Activity. When you reach the line in the data below that contains "2017 Ford Focus SEL", please start repeating lines exactly, and stop after the line that contains "ST SAT Низкий топ Повседневная обувь Женская", repeating nothing else.

Short descriptive text snippets:
◆ ◆ ◆ ◆

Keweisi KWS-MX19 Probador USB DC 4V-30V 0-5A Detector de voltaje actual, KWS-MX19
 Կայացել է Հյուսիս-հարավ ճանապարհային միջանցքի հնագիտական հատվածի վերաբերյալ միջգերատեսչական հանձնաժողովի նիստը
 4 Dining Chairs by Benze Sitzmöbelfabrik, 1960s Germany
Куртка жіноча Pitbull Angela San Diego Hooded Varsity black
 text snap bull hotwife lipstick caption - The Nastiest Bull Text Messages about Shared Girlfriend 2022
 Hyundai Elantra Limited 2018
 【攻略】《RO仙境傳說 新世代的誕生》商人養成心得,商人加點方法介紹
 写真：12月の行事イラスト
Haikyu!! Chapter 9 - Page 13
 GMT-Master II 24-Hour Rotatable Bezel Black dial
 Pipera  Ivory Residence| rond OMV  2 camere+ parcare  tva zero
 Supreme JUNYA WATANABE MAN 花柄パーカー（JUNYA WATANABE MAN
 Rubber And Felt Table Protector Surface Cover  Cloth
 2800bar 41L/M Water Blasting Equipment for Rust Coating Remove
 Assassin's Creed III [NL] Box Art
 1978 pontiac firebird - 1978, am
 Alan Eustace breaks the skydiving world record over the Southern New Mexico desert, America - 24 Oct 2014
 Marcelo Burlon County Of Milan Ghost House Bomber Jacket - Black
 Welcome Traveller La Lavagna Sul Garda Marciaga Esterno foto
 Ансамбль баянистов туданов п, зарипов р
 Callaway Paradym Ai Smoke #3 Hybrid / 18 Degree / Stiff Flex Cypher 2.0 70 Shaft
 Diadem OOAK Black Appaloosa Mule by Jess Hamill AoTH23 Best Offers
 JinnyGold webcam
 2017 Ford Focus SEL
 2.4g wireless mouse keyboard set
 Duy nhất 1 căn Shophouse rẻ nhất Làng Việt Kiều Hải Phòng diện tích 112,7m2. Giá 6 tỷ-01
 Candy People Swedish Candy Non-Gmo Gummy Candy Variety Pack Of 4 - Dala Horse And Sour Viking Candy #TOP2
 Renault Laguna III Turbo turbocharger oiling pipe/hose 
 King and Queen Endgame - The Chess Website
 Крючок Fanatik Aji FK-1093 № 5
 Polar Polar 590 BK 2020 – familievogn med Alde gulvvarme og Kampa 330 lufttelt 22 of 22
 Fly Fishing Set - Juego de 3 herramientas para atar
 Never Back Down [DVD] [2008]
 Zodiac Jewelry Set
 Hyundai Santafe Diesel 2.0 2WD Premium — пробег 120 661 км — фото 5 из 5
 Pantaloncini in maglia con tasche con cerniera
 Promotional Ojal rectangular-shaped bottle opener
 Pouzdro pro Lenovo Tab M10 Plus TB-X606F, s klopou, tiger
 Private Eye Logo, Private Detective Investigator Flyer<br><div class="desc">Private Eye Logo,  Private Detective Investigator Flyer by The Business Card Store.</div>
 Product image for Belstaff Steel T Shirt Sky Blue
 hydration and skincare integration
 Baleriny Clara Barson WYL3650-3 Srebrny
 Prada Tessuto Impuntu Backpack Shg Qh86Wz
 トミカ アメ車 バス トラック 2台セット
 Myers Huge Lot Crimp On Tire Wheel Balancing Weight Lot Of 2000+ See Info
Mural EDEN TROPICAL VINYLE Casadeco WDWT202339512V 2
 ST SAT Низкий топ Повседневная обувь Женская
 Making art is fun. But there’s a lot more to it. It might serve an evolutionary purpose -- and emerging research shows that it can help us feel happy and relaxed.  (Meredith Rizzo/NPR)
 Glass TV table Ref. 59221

◆ ◆ ◆ ◆

Output for this task.
 2017 Ford Focus SEL
 2.4g wireless mouse keyboard set
 Duy nhất 1 căn Shophouse rẻ nhất Làng Việt Kiều Hải Phòng diện tích 112,7m2. Giá 6 tỷ-01
 Candy People Swedish Candy Non-Gmo Gummy Candy Variety Pack Of 4 - Dala Horse And Sour Viking Candy #TOP2
 Renault Laguna III Turbo turbocharger oiling pipe/hose 
 King and Queen Endgame - The Chess Website
 Крючок Fanatik Aji FK-1093 № 5
 Polar Polar 590 BK 2020 – familievogn med Alde gulvvarme og Kampa 330 lufttelt 22 of 22
 Fly Fishing Set - Juego de 3 herramientas para atar
 Never Back Down [DVD] [2008]
 Zodiac Jewelry Set
 Hyundai Santafe Diesel 2.0 2WD Premium — пробег 120 661 км — фото 5 из 5
 Pantaloncini in maglia con tasche con cerniera
 Promotional Ojal rectangular-shaped bottle opener
 Pouzdro pro Lenovo Tab M10 Plus TB-X606F, s klopou, tiger
 Private Eye Logo, Private Detective Investigator Flyer<br><div class="desc">Private Eye Logo,  Private Detective Investigator Flyer by The Business Card Store.</div>
 Product image for Belstaff Steel T Shirt Sky Blue
 hydration and skincare integration
 Baleriny Clara Barson WYL3650-3 Srebrny
 Prada Tessuto Impuntu Backpack Shg Qh86Wz
 トミカ アメ車 バス トラック 2台セット
 Myers Huge Lot Crimp On Tire Wheel Balancing Weight Lot Of 2000+ See Info
Mural EDEN TROPICAL VINYLE Casadeco WDWT202339512V 2
 ST SAT Низкий топ Повседневная обувь Женская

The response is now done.